Return an exact copy of the entries, skipping any picture you find.
==== MATERIAL FOR THIS TASK
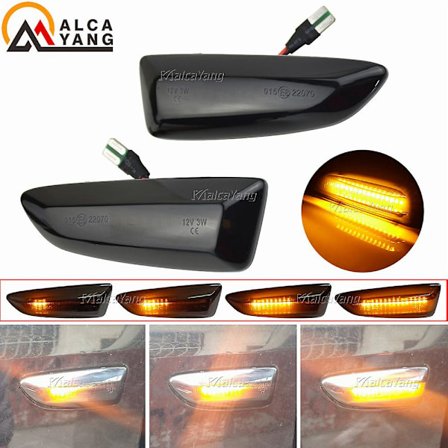 2 kpl LED-dynaamiset sivuvilkut, sekvenssitoiminto, Opel Astra J Astra J K Zafira C Insignia B Grandland X [DB]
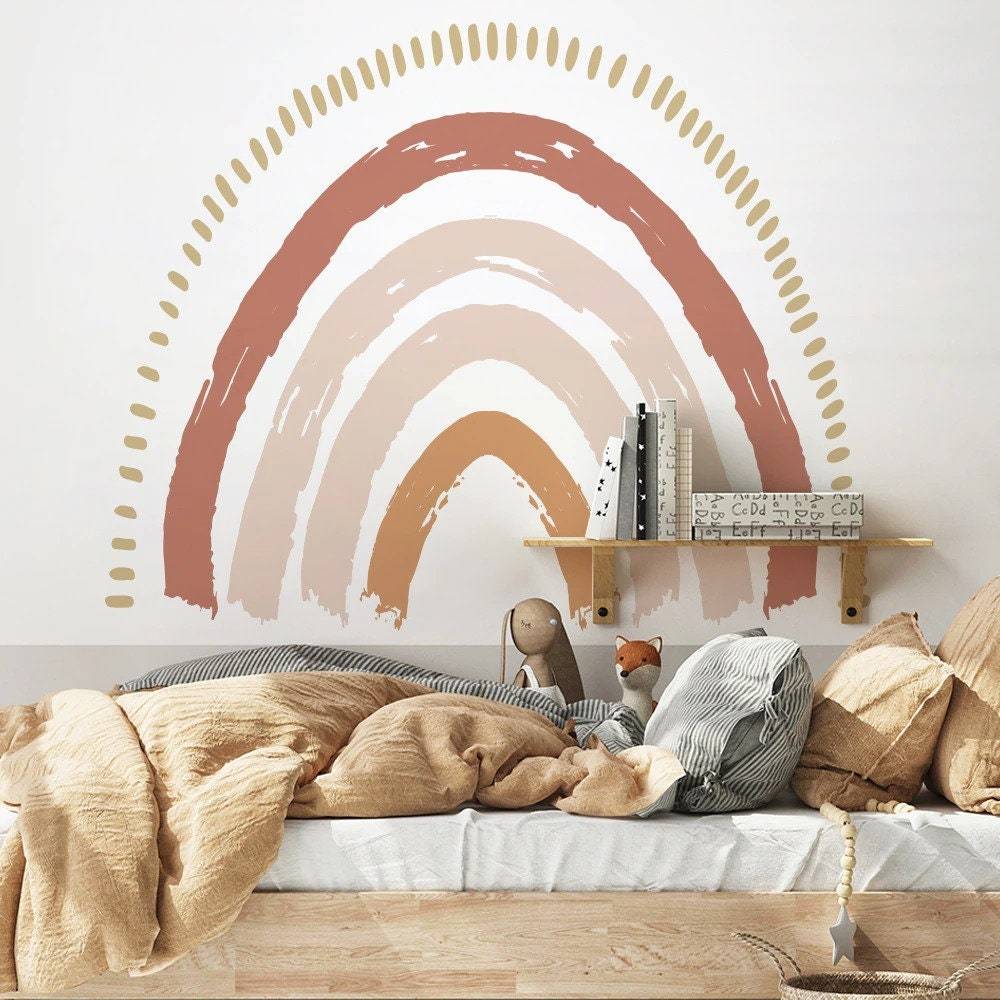 ChandeliersDecor.com-Home Decor Decals-Boho Rainbow Wall Decal: Vibrant and Stylish Décor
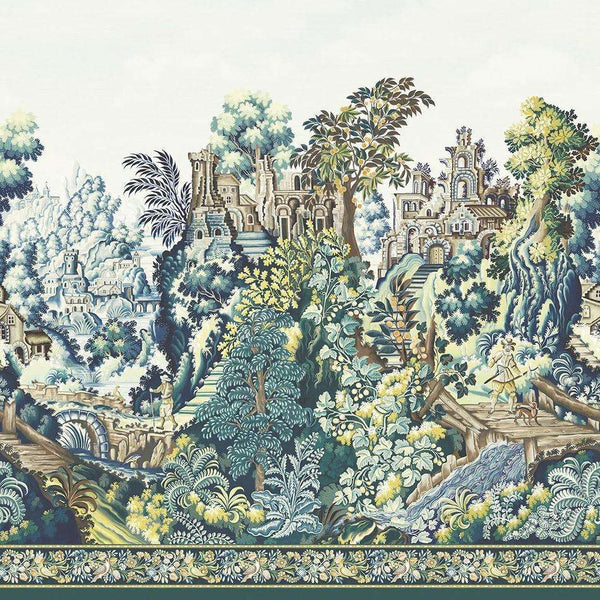 Verdure Tapestry Silk-behang-Cole & Son-Petrol, Teal & Lemon-Paneel-118/17039-Selected Wallpapers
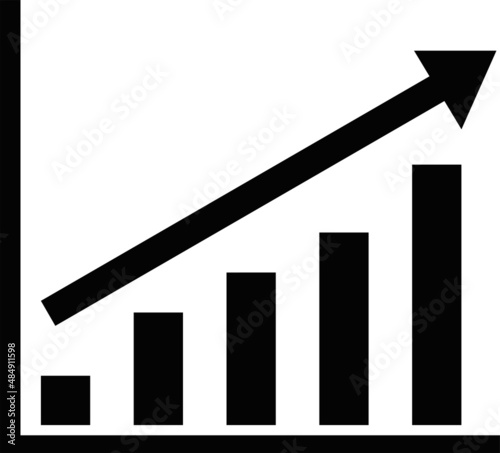Vector illustration of the icon black color silhouette of a bar graph with an upward trend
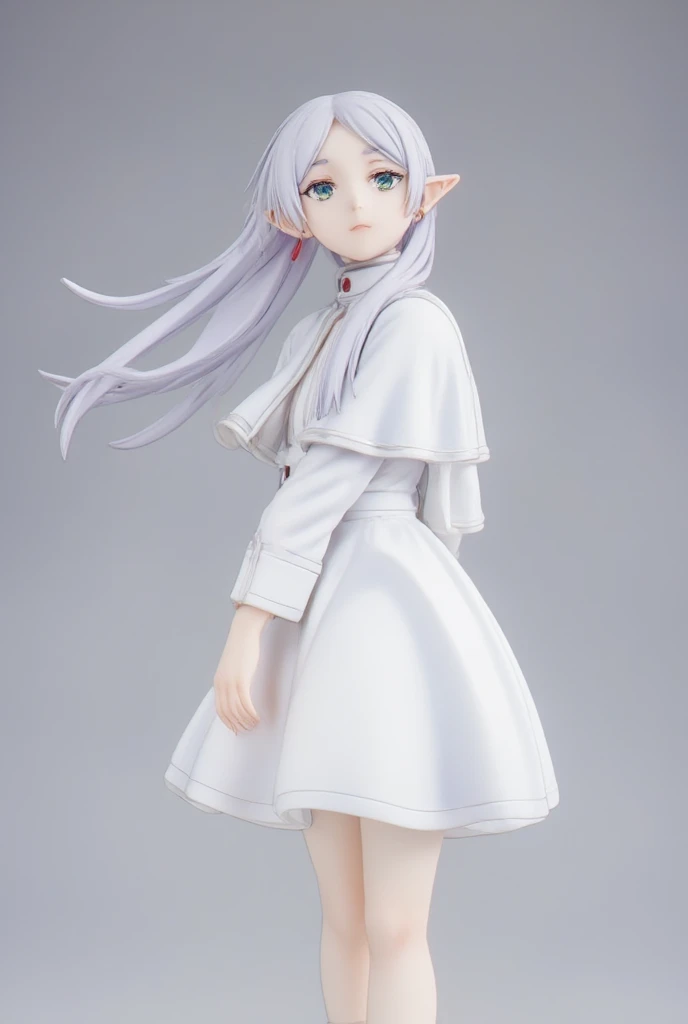 pvcstyle,1girl,frieren,looking at viewer, full body,gray background,white coat and skirt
========
- [ANSWER TO THIS EXERCISE]
 2 kpl LED-dynaamiset sivuvilkut, sekvenssitoiminto, Opel Astra J Astra J K Zafira C Insignia B Grandland X [DB]
 ChandeliersDecor.com-Home Decor Decals-Boho Rainbow Wall Decal: Vibrant and Stylish Décor
 Verdure Tapestry Silk-behang-Cole & Son-Petrol, Teal & Lemon-Paneel-118/17039-Selected Wallpapers
Vector illustration of the icon black color silhouette of a bar graph with an upward trend
 pvcstyle,1girl,frieren,looking at viewer, full body,gray background,white coat and skirt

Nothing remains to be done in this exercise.